Approximately seven out of ten online retailers expect to generate even more sales in the future by selling goods or services abroad. The analysis of the market indicates that consumers in Germany tend to order from abroad when the price is lower, a better product is available or the selection is larger. Manufacturers also report a strong increase in demand from other countries in their web shops. McKinsey states that their international share of sales is growing 30 percent faster than that of retailers. “Cross-border online sales allow manufacturers to market their brand-name products directly to consumers around the world from just one production location, without having to rely on local intermediaries,” Netzer says.

In addition to the traditional parcel services market, the market for express deliveries is also profiting from cross-border e-commerce. McKinsey reports that more than 120 million international express deliveries – in other words, shipments with guaranteed delivery the next day – are internationally shipped to private individuals located overseas on an annual basis. The potential for growth is enormous. Not only large e-commerce players such as Amazon or Alibaba, but also smaller newcomers have multiplied their sales within just a few years.

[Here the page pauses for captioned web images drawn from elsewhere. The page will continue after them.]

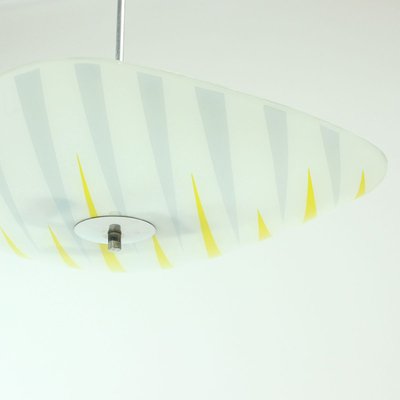 Brussels Era Glass Plate Light in Yellow and Gray Stripes from Napako, 1960s-UL-696184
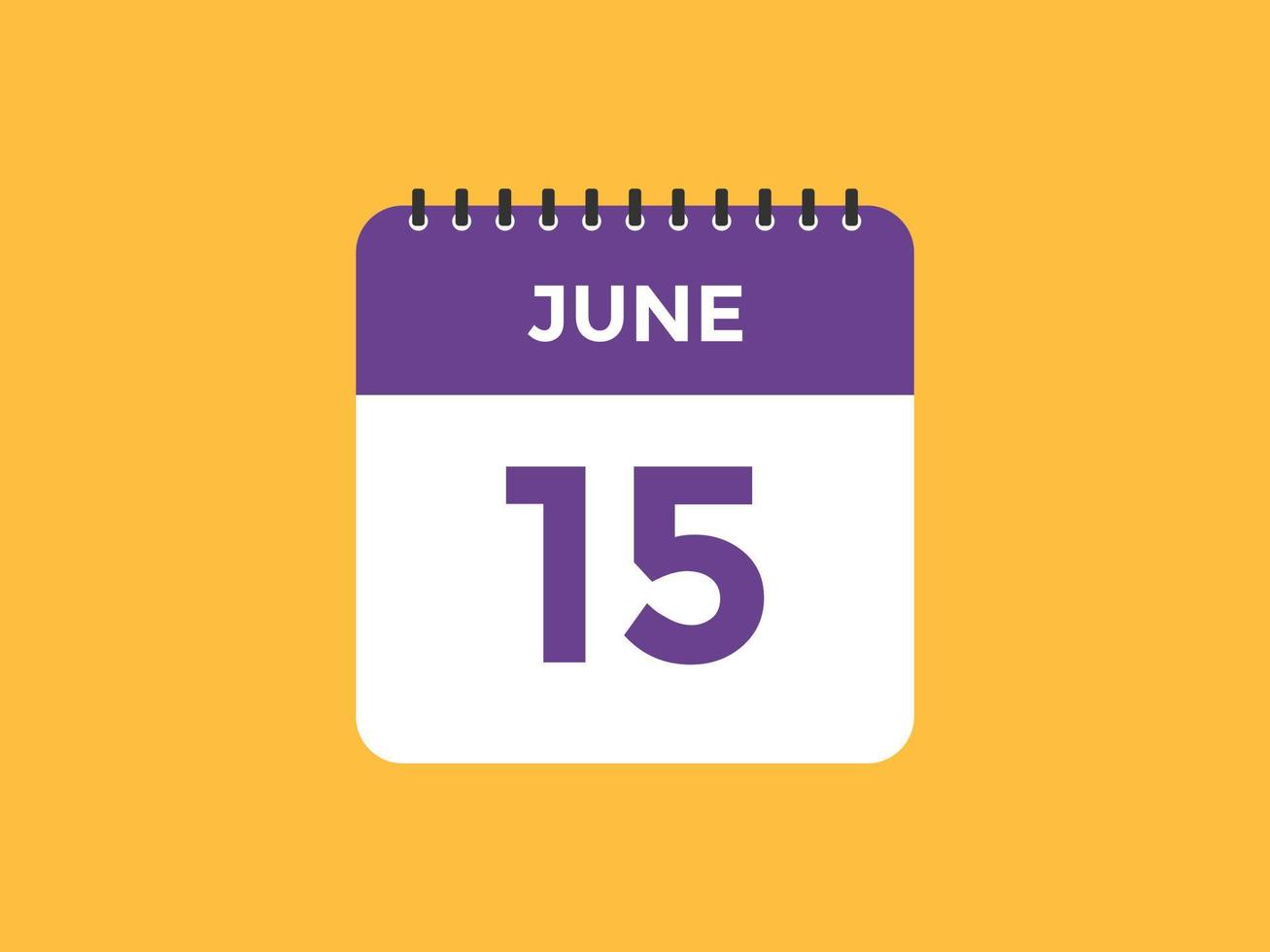 june 15 calendar reminder. 15th june daily calendar icon template. Calendar 15th june icon Design template. Vector illustration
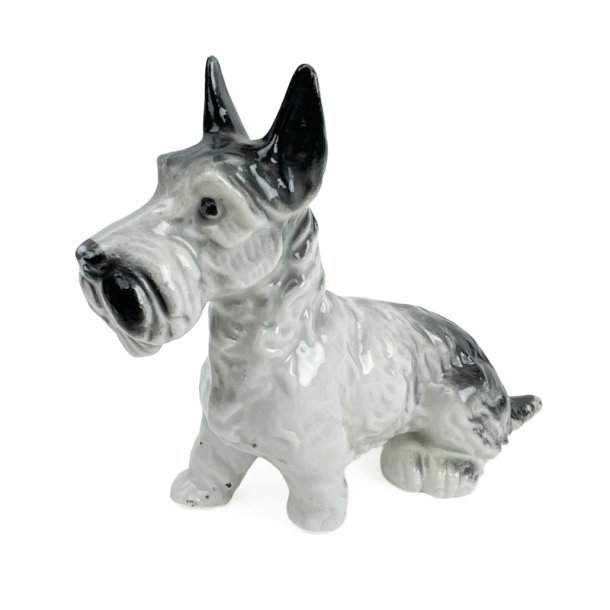 Gr� og hvid vintage terrier
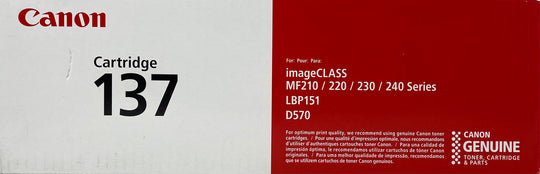 Genuine Canon 137 Black Toner Cartridge, Standard (9435B001AA)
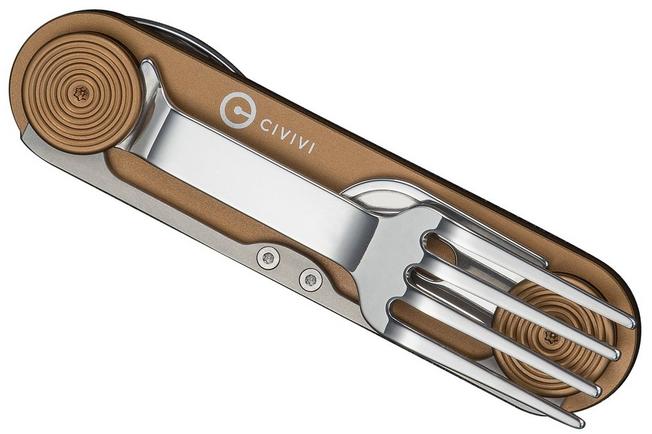 Image pour Civivi Partake C24032C-2, Stainless Steel, Brown Aluminum, couverts outdoor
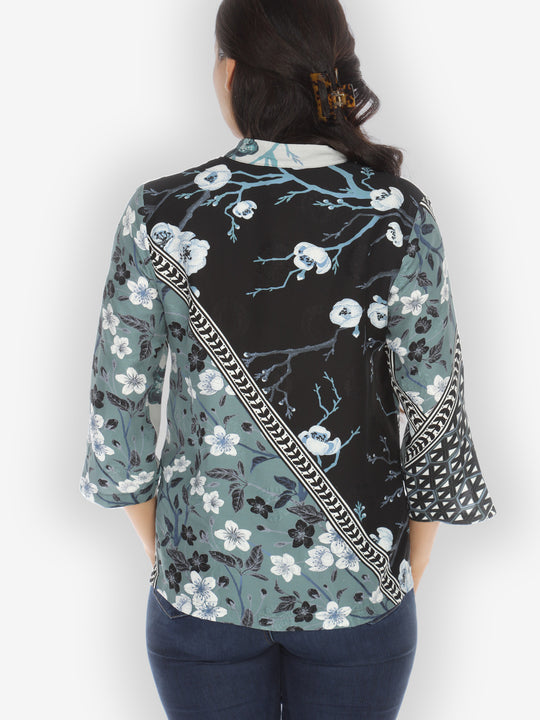Flower Arrangement Silk Blouse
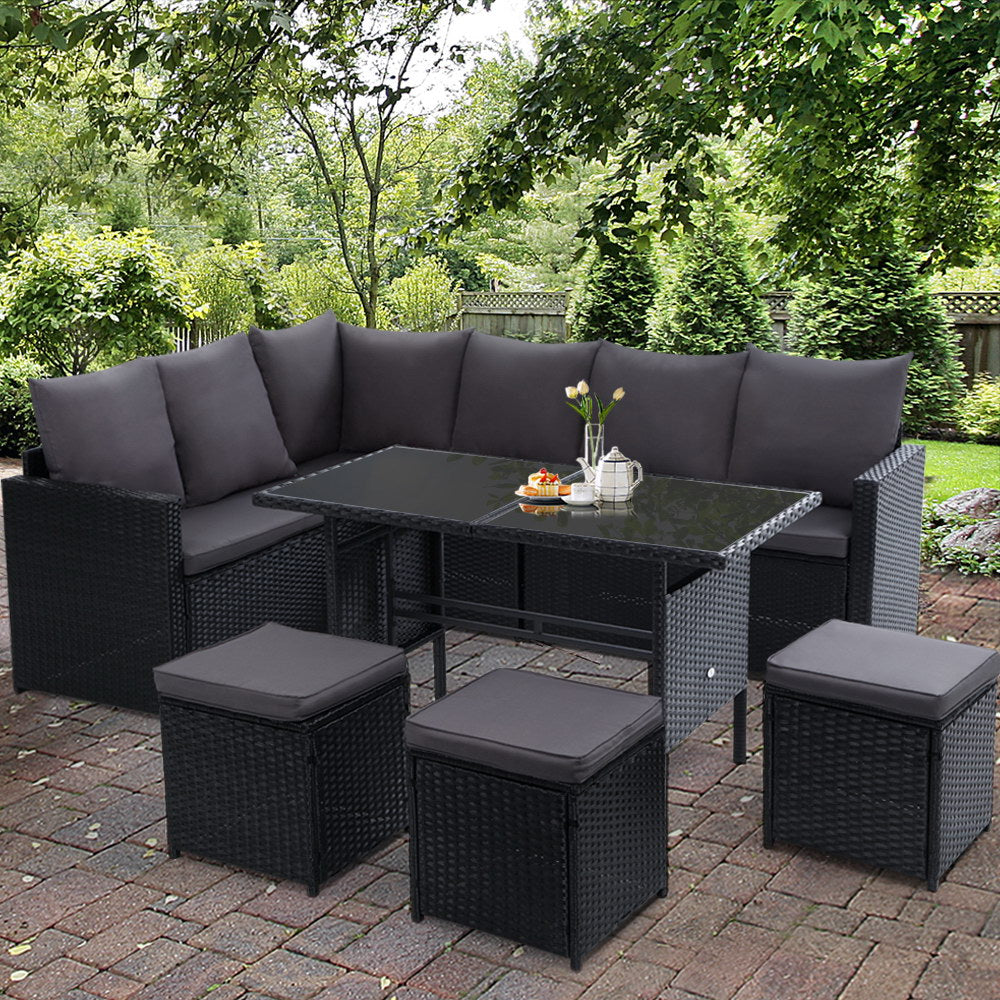 Gardeon Outdoor Dining Set Sofa Lounge Setting Chairs Table Ottoman Black Cover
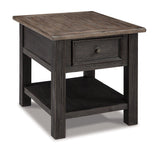 Ashley Furniture Tyler Creek End Table with wood finish and modern design, perfect for living room décor.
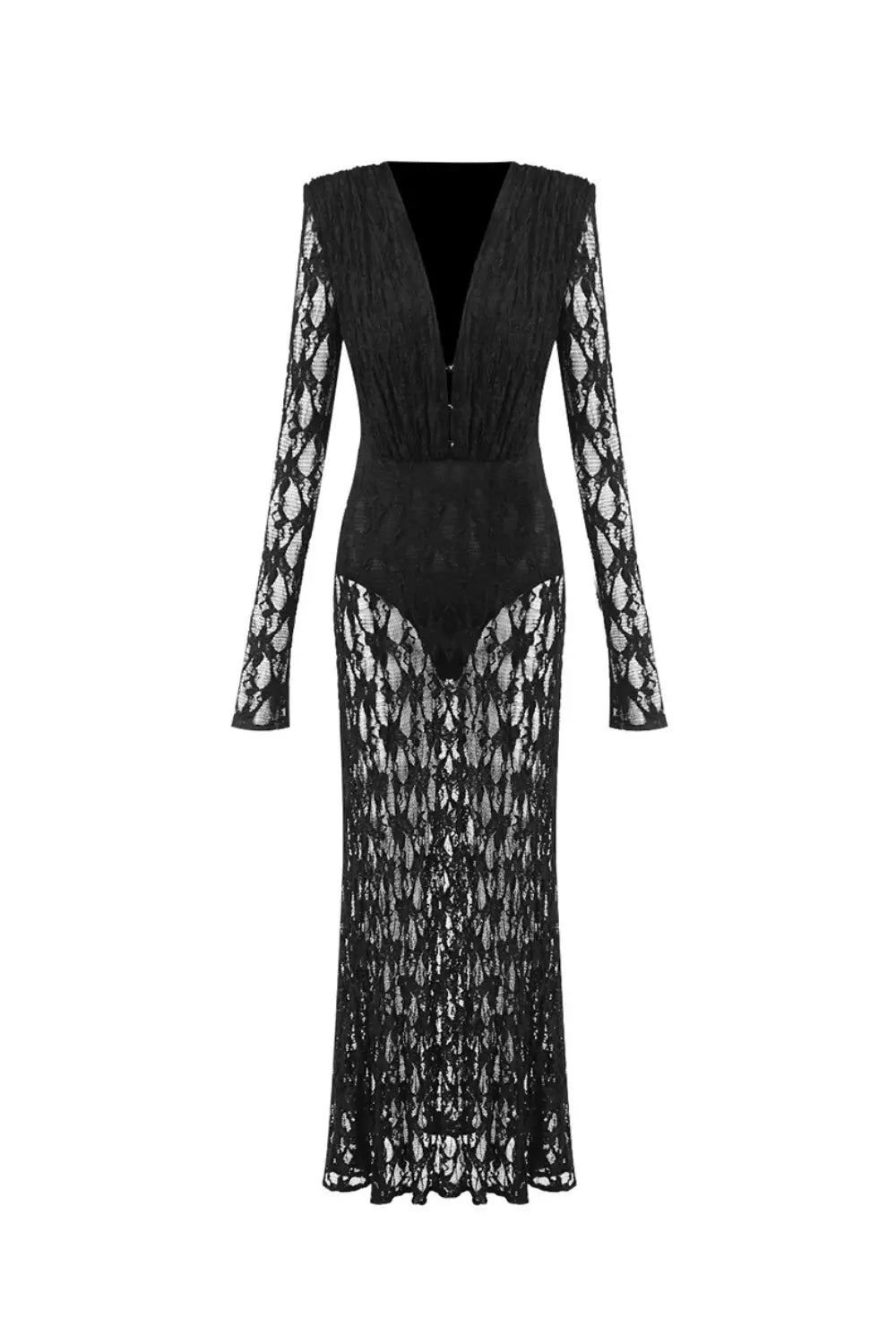 V Neck Hollow Long Sleeve Lace Maxi Dress in Black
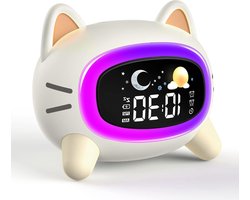 Kinderen Wekker Slaap Trainer Klok - Maan, Zon, Geluid - Digitaal, Batterij Aangedreven Nachtlampje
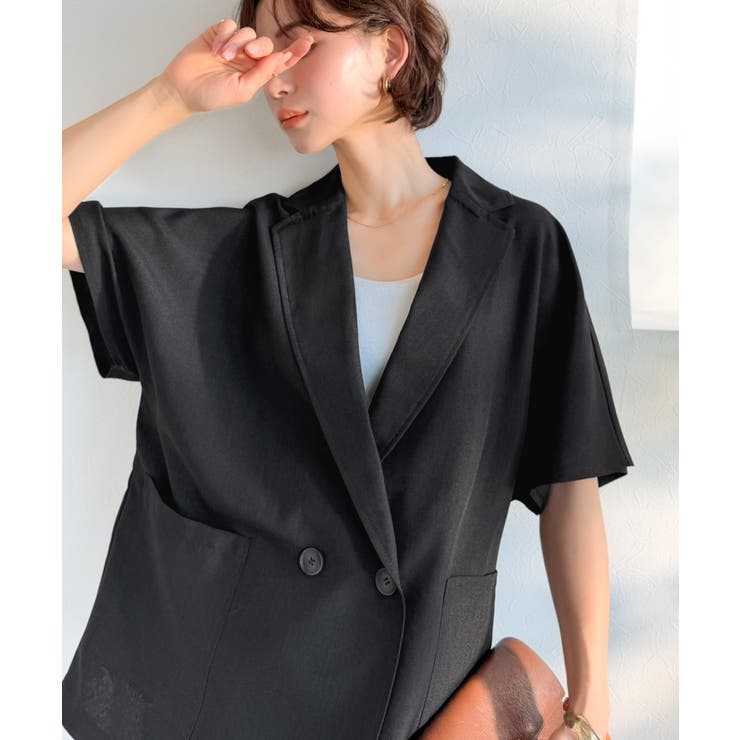 纏うだけで上品見え。リネンライクドルマンスリーブテーラードダブルジャケット（半袖… | Classical Elf  | 詳細画像8 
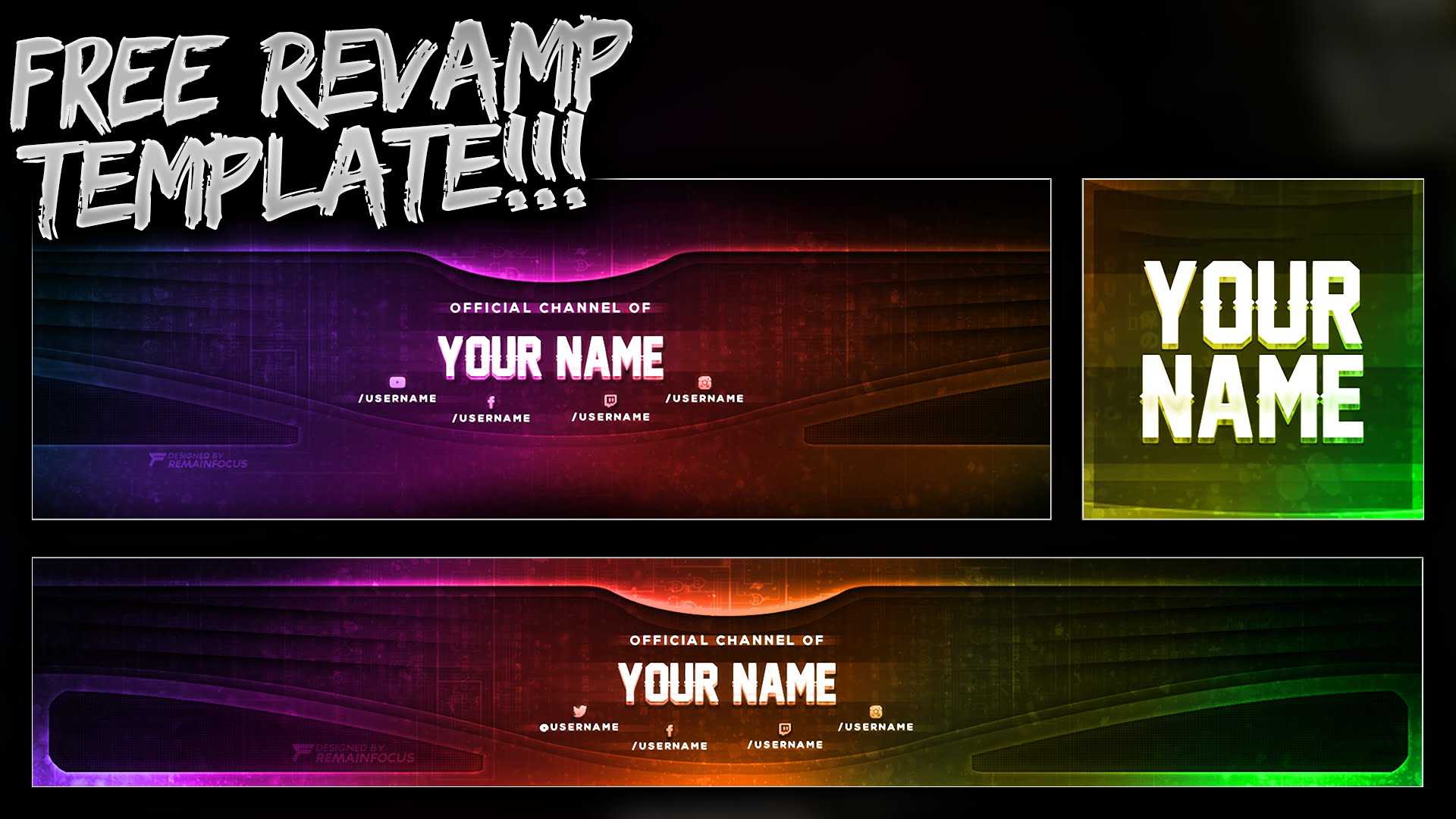 Free Youtube Banner + Twitter Header Template Psd – Free Pertaining To Twitter Banner Template Psd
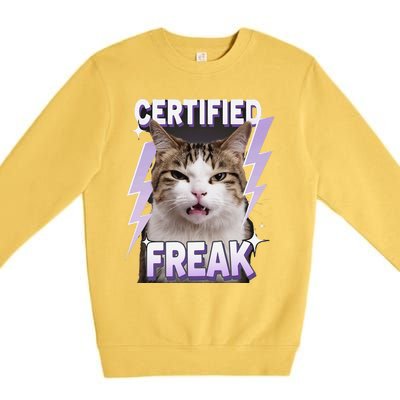 Cat Meme Certified Freak Eat Cement Cursed Cat Funny Premium Crewneck Sweatshirt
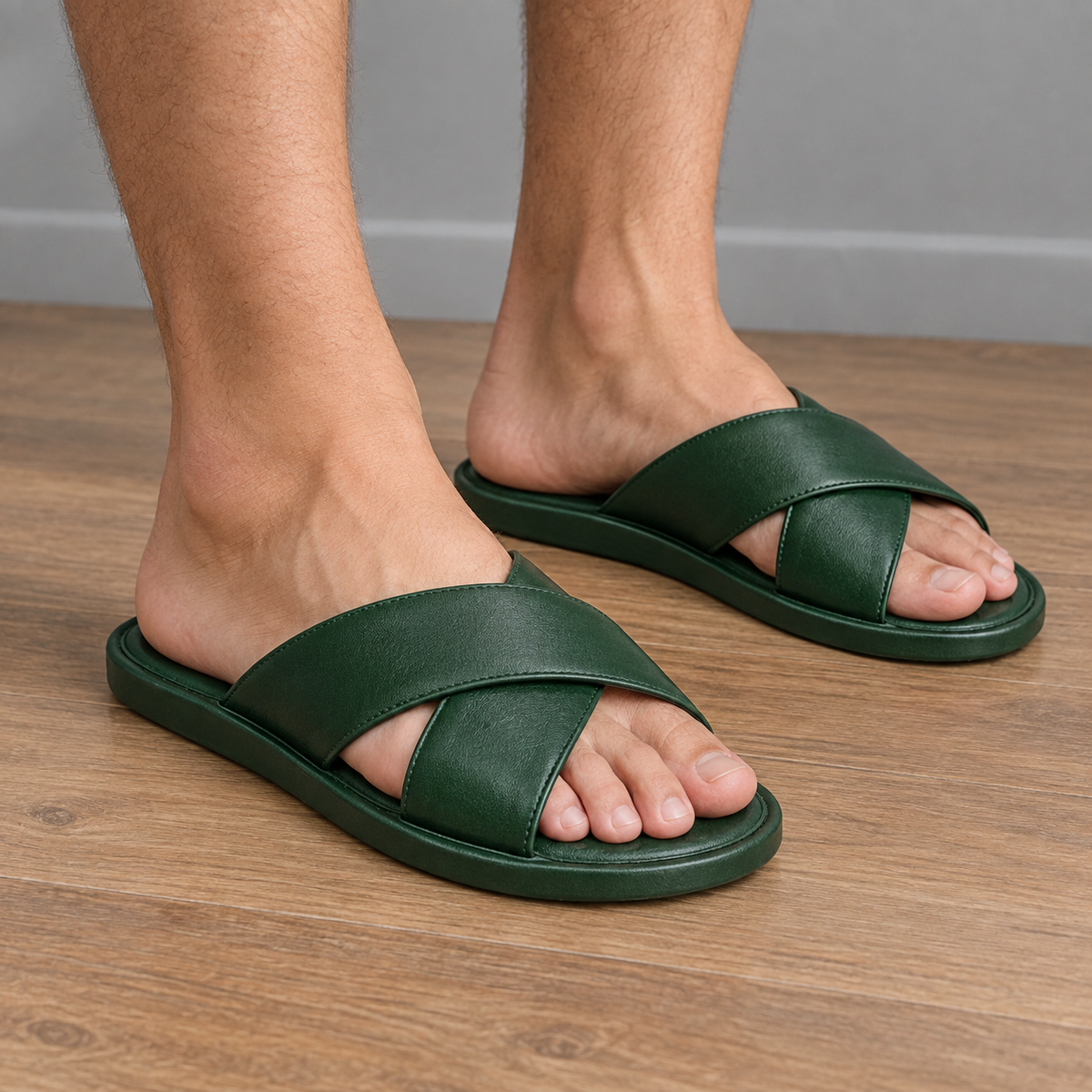 SHOPAVERLY Men's Green Cross-Strap Slide Sandals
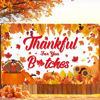 Picture of Friendsgiving Party Banner, Fall Maple Leaves Turkey Pumpkin Themed Backdrop for Friendsgiving Party Decorations, 71x43 Inches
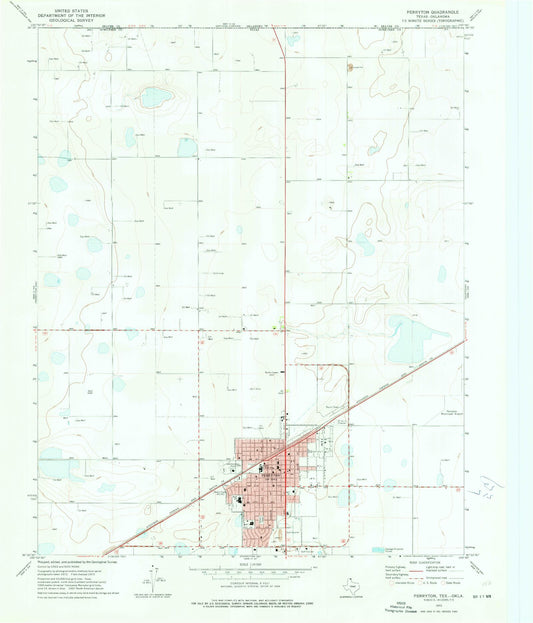 Classic USGS Perryton Texas 7.5'x7.5' Topo Map Image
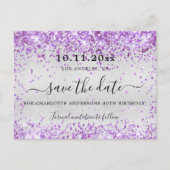 Carte Postale Faire-part Anniversaire parties scintillant argent violet enr (Devant)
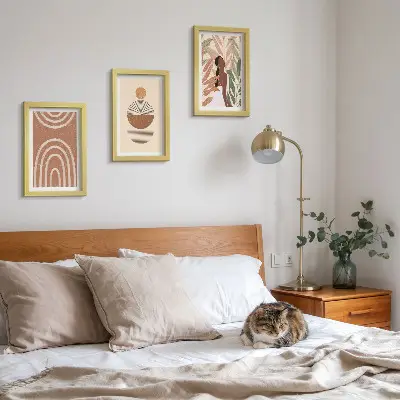 3-piece wall art set with stylish plant motifs and geometric patterns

Rising demands on quality and service expectations

The shift from B2B to B2C is bringing massive market change, in addition, start-ups increasingly compete with large logistics companies. The consultants believe that express service providers must adapt shipment sizes, prices, sales and contracts to the new online retailers and manufacturers. “The e-commerce business requires express service providers to carry out a balancing act,” Netzer notes. “On the one hand, they must be able to deal with considerable price pressure compared to the traditional B2B business. On the other hand, the consumers are the ones driving the costs – especially with lower delivery coverage in rural areas, as well as increasing demands on quality and service expectations,” he continues. Today’s customers expect deliveries to be made within timeframes they can select, 24-hour customer service and easy return options.